> [Work required]
Quote, exactly, the line holding "6 Manfaat daun sirih untuk wanita hamil" and all lines after it to the end of the records below. Exclude pictures.

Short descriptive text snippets
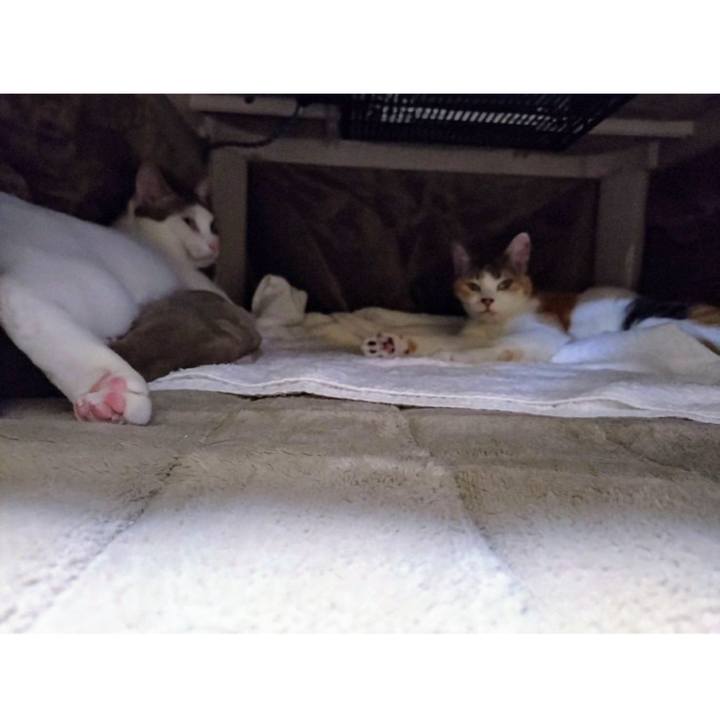 434fc9ab cc47 4fa5 8657 ab28c55e6fd0 1733836259745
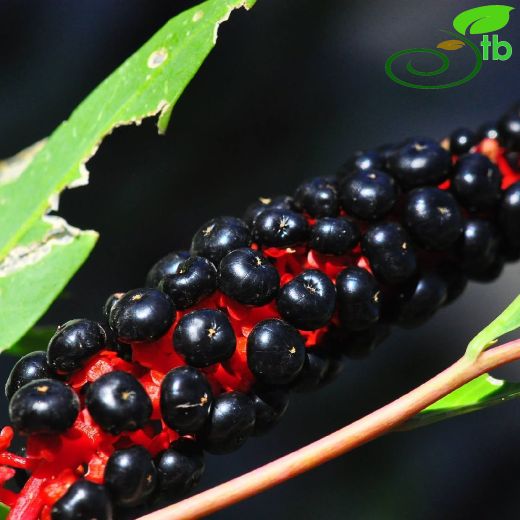Phytolaccaceae-Şekerciboyasıgiller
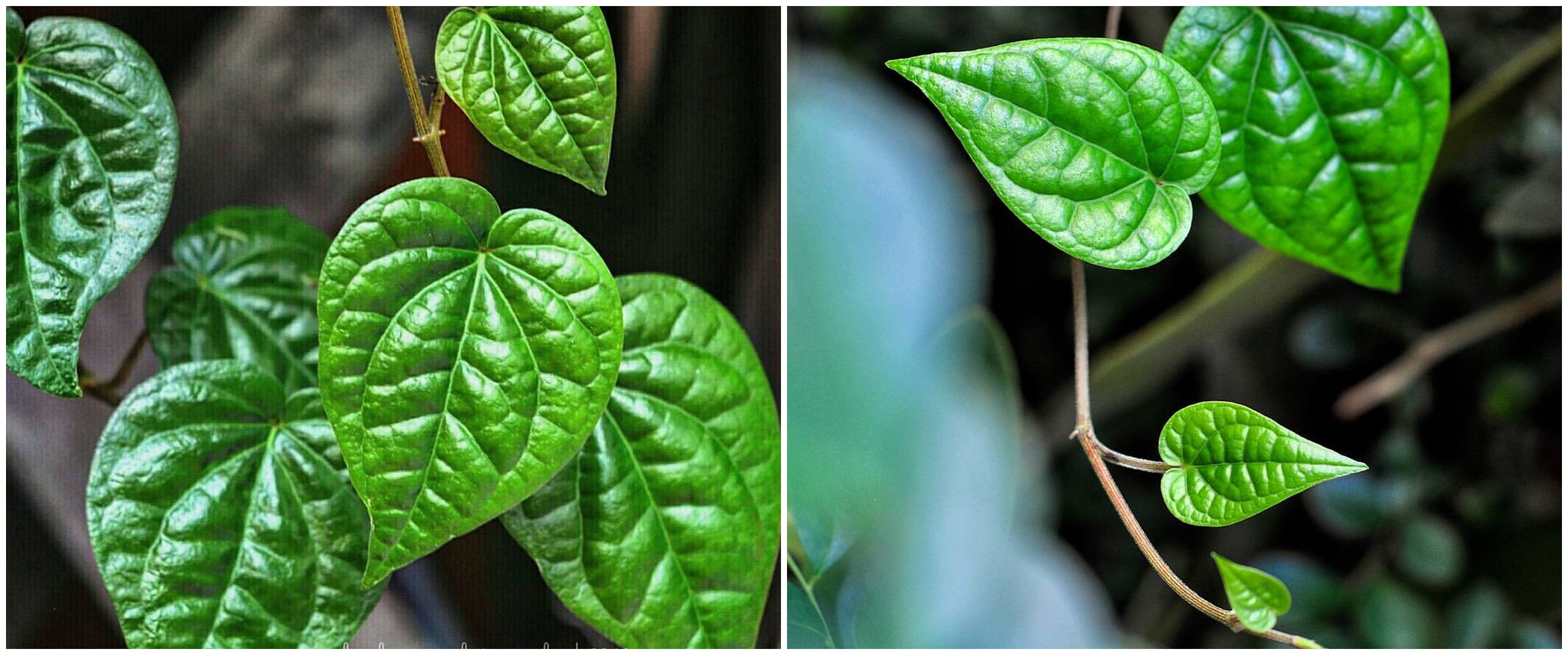 6 Manfaat daun sirih untuk wanita hamil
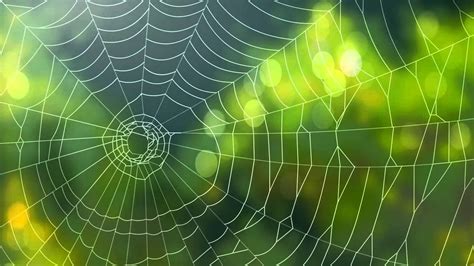Here we will show three different methods: Spider Web Background ·① WallpaperTag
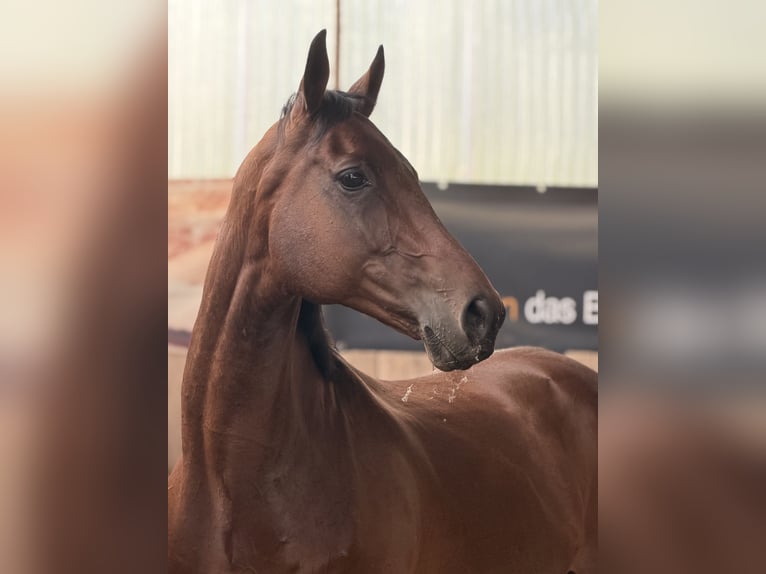 Thoroughbred Gelding 11 years 15.3 hh Brown in Brüel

> [Exercise response]
 6 Manfaat daun sirih untuk wanita hamil
Here we will show three different methods: Spider Web Background ·① WallpaperTag
 Thoroughbred Gelding 11 years 15.3 hh Brown in Brüel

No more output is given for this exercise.